(TASK DATA Opens)

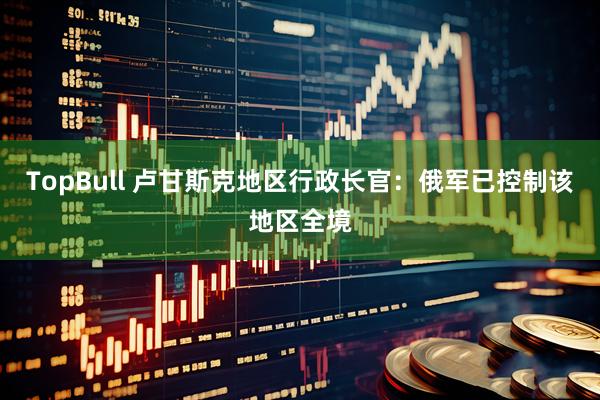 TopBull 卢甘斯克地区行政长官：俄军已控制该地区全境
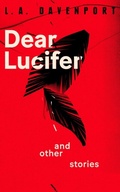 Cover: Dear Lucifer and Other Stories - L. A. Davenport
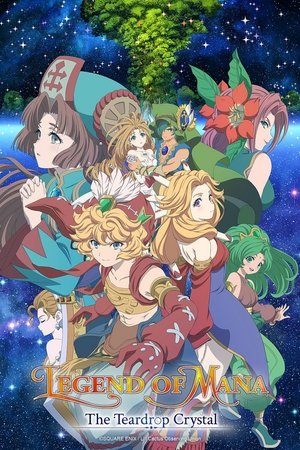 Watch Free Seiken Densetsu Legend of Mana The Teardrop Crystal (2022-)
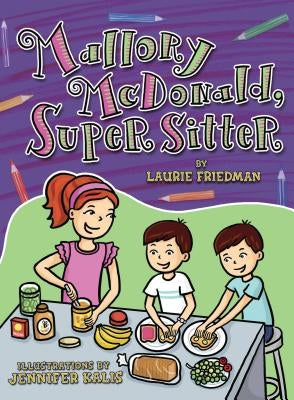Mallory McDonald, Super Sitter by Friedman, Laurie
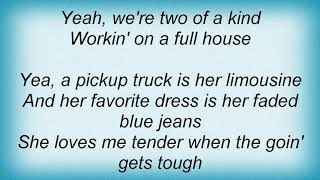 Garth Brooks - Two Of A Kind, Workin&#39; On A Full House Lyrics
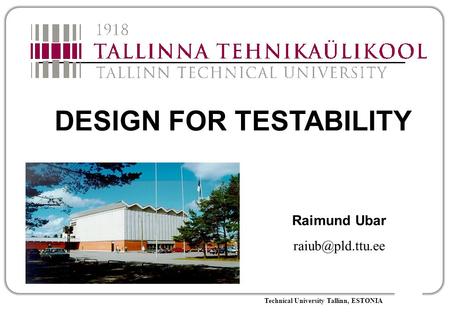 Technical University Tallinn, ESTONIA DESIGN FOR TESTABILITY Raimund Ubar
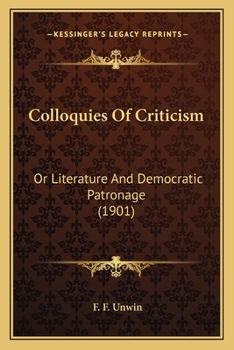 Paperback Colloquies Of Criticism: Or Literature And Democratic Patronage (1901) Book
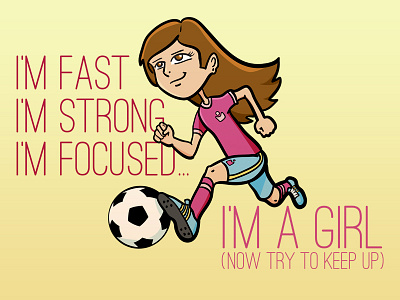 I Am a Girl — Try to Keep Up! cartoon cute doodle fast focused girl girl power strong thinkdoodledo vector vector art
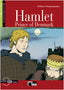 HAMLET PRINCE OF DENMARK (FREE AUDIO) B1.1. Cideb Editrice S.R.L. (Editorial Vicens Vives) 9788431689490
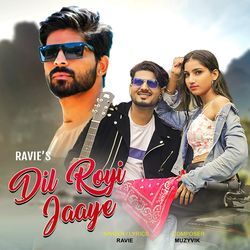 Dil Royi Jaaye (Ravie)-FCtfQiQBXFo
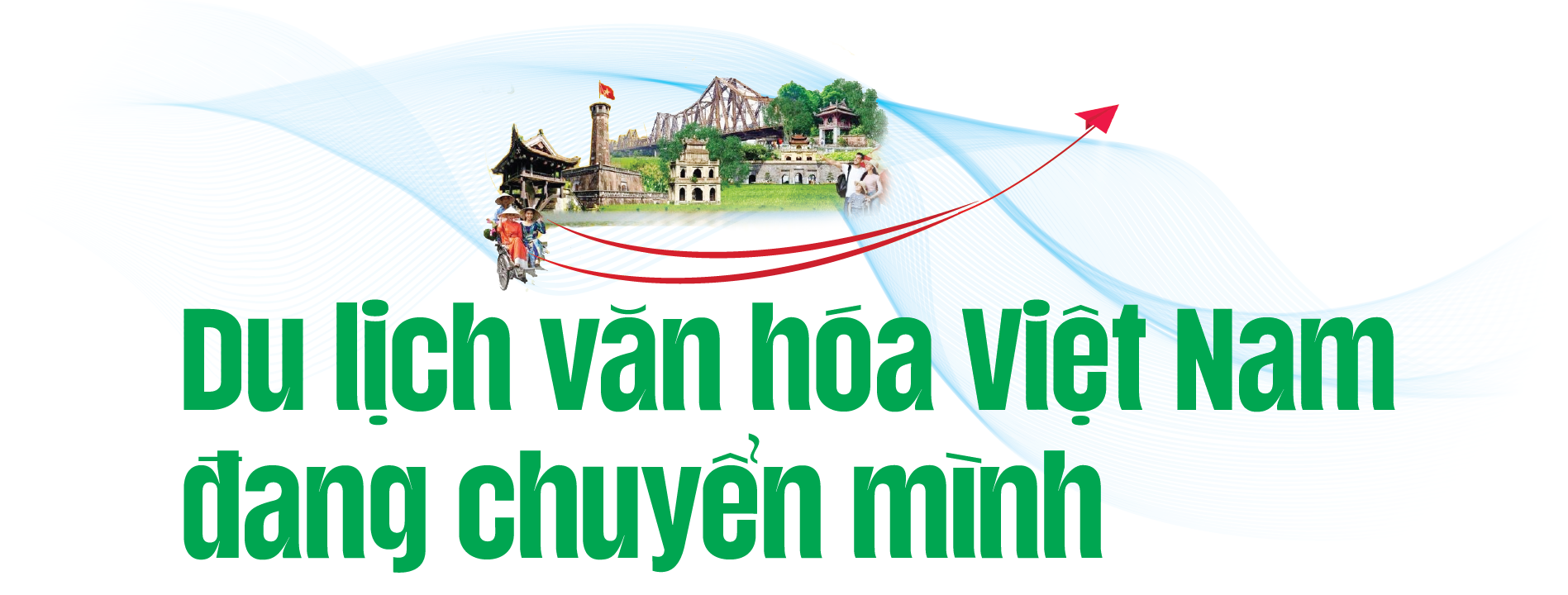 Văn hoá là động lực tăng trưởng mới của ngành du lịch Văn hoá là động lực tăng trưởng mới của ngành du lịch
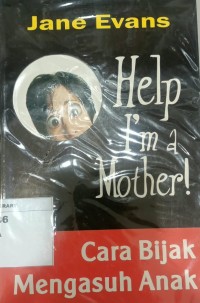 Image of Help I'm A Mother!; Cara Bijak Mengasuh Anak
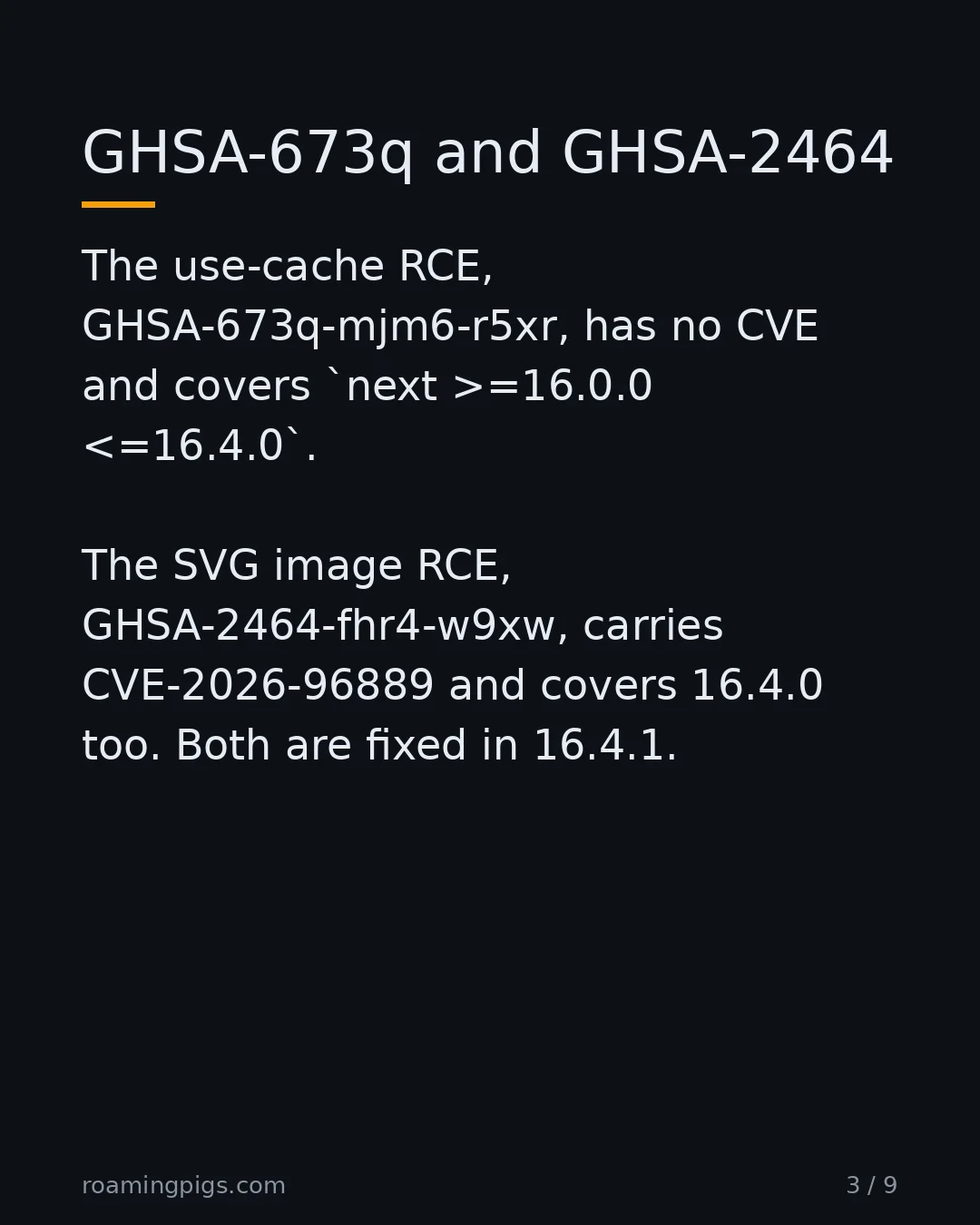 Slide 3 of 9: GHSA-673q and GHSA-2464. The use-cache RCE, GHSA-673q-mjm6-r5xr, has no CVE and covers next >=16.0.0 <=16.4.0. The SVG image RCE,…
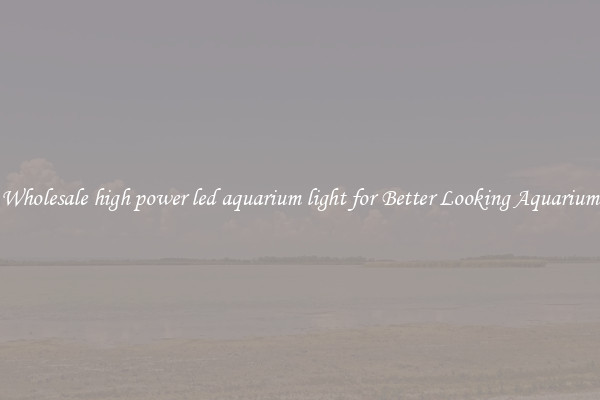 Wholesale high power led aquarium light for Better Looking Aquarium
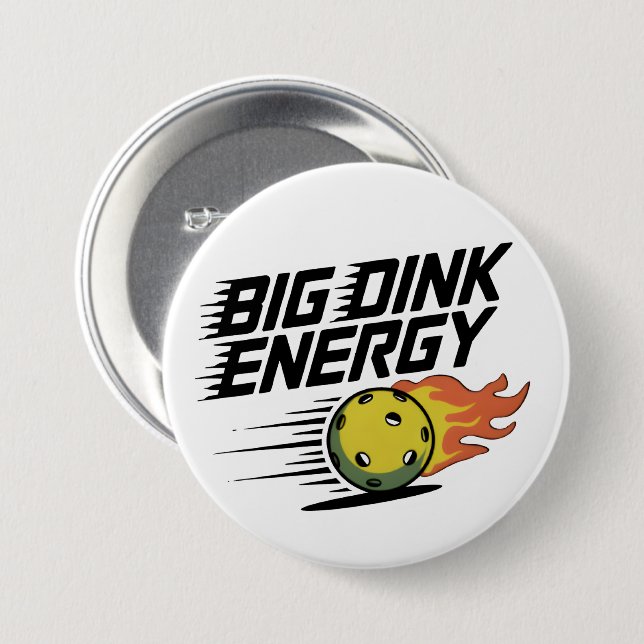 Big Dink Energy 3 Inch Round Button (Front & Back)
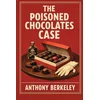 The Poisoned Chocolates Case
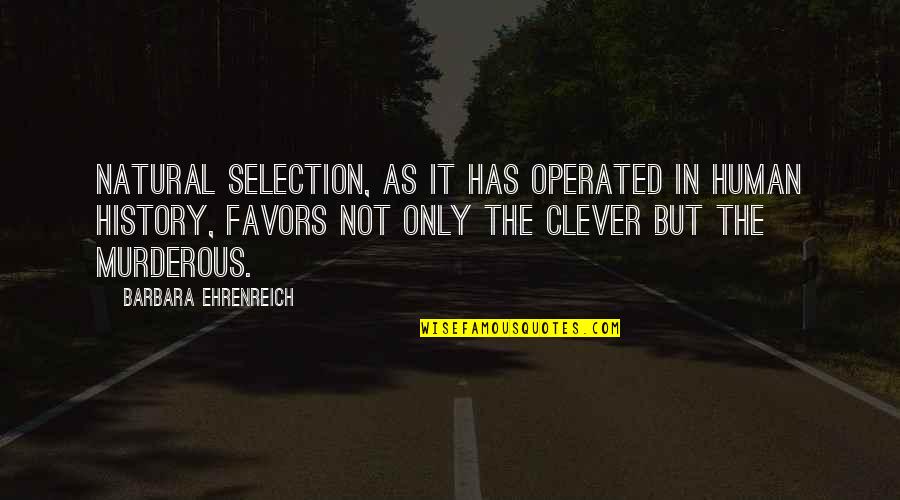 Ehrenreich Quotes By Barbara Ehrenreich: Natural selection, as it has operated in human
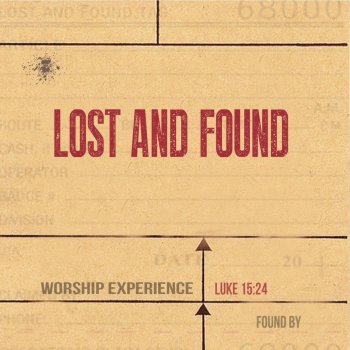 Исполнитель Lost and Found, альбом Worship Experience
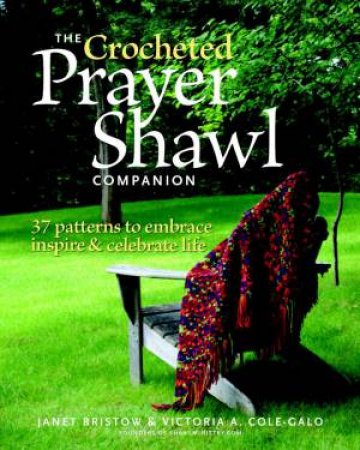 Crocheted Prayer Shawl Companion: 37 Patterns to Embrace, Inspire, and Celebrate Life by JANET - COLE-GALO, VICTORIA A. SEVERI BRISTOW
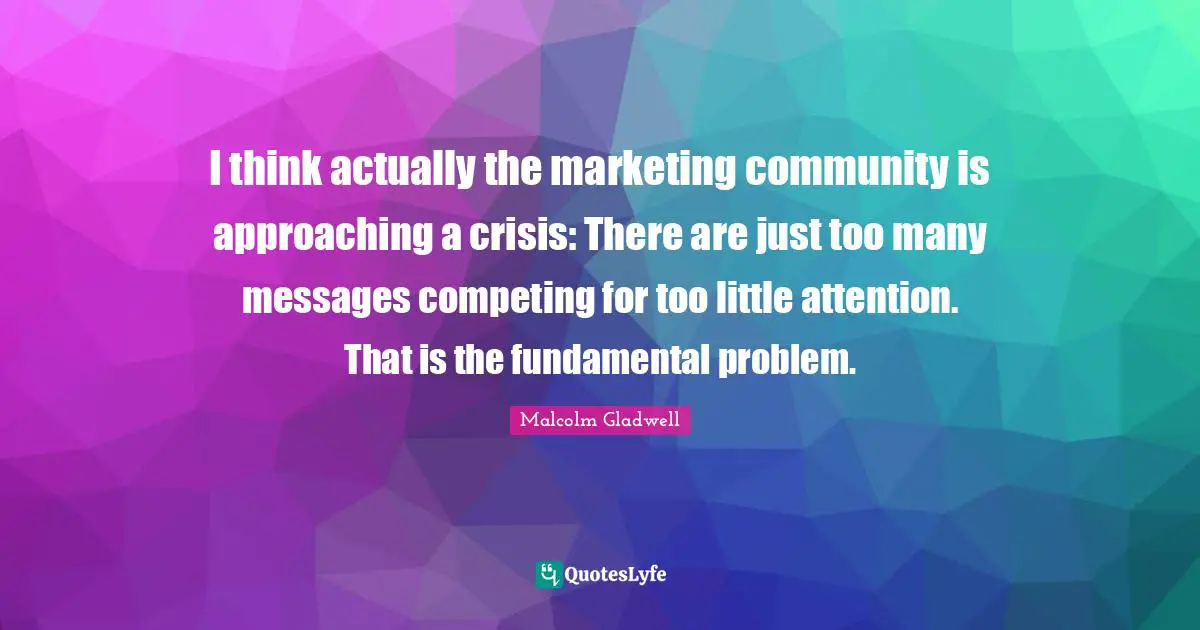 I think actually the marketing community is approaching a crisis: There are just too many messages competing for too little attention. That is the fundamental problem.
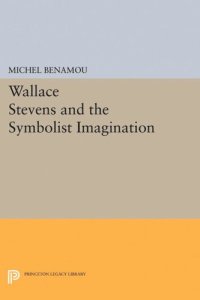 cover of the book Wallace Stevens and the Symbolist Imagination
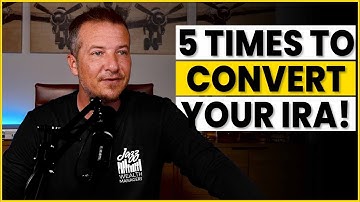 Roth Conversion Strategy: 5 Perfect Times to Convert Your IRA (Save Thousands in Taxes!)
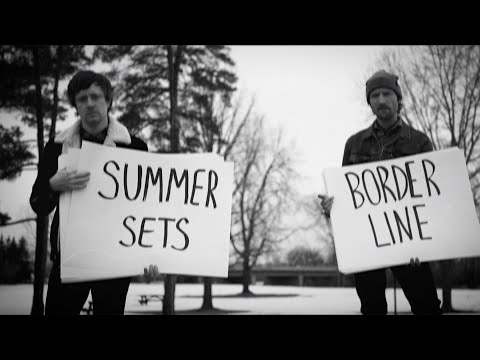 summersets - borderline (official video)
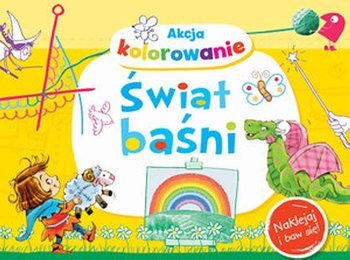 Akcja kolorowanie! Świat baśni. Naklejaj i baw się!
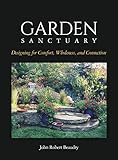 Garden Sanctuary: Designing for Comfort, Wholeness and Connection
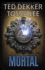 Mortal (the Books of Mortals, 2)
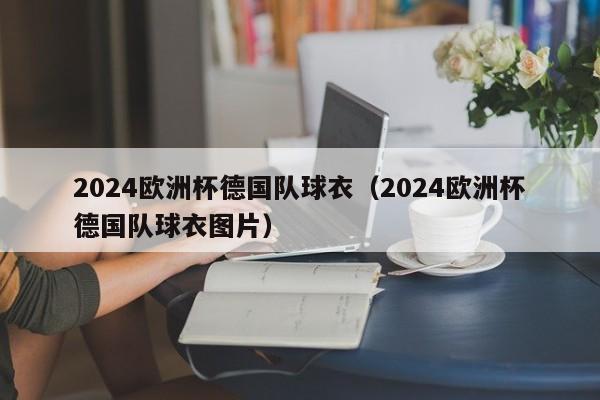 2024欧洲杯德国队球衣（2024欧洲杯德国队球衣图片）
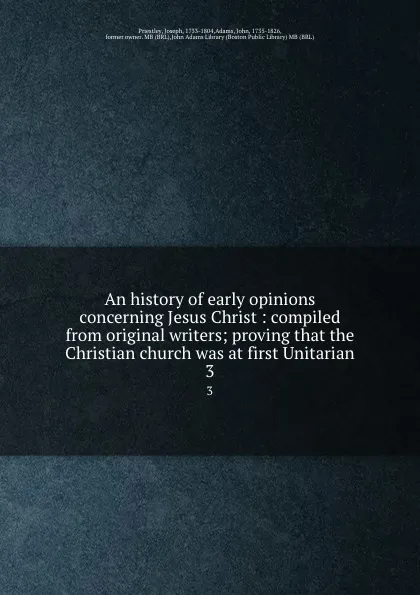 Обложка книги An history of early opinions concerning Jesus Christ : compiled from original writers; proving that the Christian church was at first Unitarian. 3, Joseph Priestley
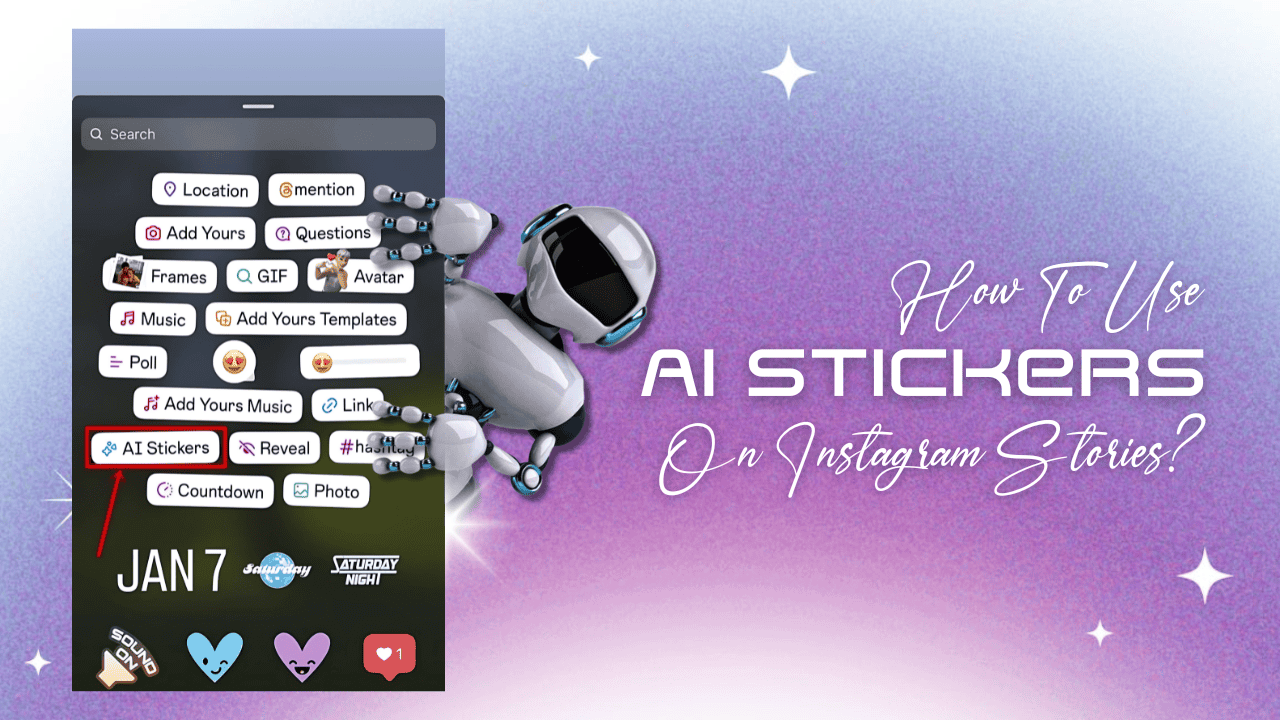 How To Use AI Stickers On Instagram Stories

(TASK DATA Closes)

**WHAT THE TASK ASKS**
Copy nothing but the lines from the start of the entries through the line with "Technical University Tallinn, ESTONIA". Write them out exactly, without pictures.

**THE ANSWER**
 TopBull 卢甘斯克地区行政长官：俄军已控制该地区全境
 Cover: Dear Lucifer and Other Stories - L. A. Davenport
 Watch Free Seiken Densetsu Legend of Mana The Teardrop Crystal (2022-)
Mallory McDonald, Super Sitter by Friedman, Laurie
 Garth Brooks - Two Of A Kind, Workin&#39; On A Full House Lyrics
 Technical University Tallinn, ESTONIA DESIGN FOR TESTABILITY Raimund Ubar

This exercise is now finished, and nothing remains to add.